**WHAT TO DO**
Make an exact copy of the records, and keep the pictures out of it.

**DATA TO USE**
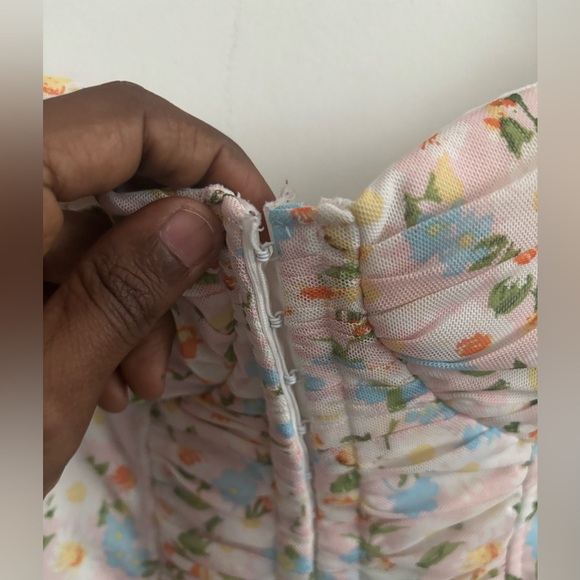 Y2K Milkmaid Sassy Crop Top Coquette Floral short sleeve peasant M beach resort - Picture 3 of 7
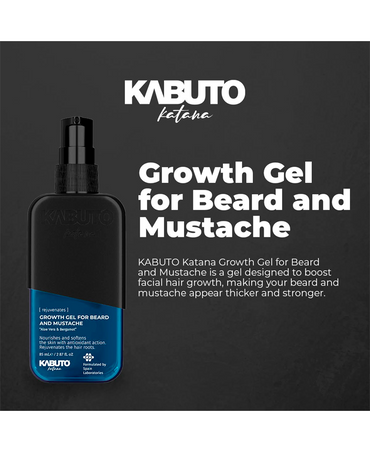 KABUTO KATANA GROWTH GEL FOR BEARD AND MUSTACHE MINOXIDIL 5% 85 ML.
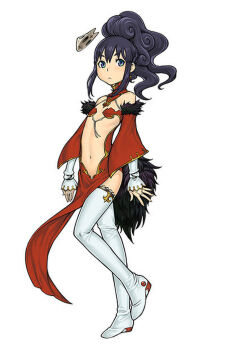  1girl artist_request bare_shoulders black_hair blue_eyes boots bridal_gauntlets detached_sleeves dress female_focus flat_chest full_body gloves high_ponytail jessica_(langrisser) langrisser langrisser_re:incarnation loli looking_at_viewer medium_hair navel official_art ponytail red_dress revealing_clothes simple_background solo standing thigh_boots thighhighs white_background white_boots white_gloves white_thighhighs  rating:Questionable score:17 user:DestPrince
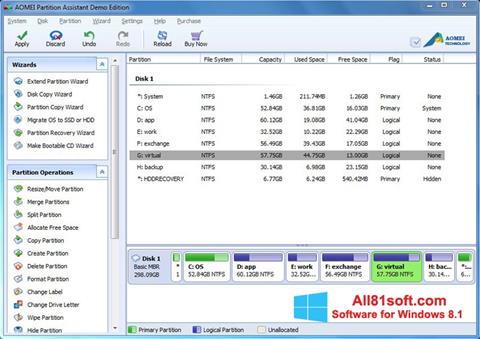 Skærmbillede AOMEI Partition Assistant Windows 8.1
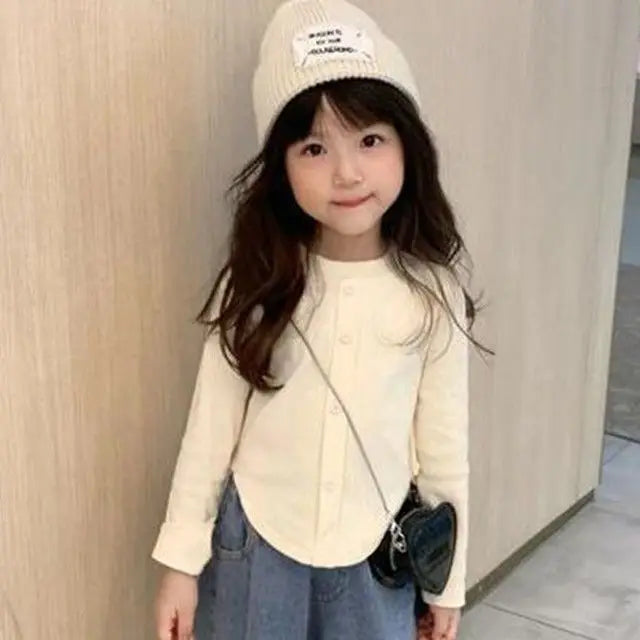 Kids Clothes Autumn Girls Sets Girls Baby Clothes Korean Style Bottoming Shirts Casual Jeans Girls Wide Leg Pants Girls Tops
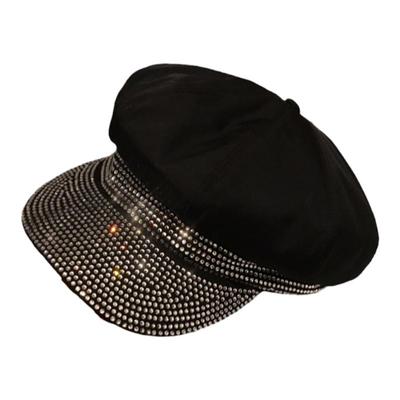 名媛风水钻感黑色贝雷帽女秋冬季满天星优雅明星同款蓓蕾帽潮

**PROBLEM SOLUTION**
 Y2K Milkmaid Sassy Crop Top Coquette Floral short sleeve peasant M beach resort - Picture 3 of 7
 KABUTO KATANA GROWTH GEL FOR BEARD AND MUSTACHE MINOXIDIL 5% 85 ML.
  1girl artist_request bare_shoulders black_hair blue_eyes boots bridal_gauntlets detached_sleeves dress female_focus flat_chest full_body gloves high_ponytail jessica_(langrisser) langrisser langrisser_re:incarnation loli looking_at_viewer medium_hair navel official_art ponytail red_dress revealing_clothes simple_background solo standing thigh_boots thighhighs white_background white_boots white_gloves white_thighhighs  rating:Questionable score:17 user:DestPrince
 Skærmbillede AOMEI Partition Assistant Windows 8.1
 Kids Clothes Autumn Girls Sets Girls Baby Clothes Korean Style Bottoming Shirts Casual Jeans Girls Wide Leg Pants Girls Tops
 名媛风水钻感黑色贝雷帽女秋冬季满天星优雅明星同款蓓蕾帽潮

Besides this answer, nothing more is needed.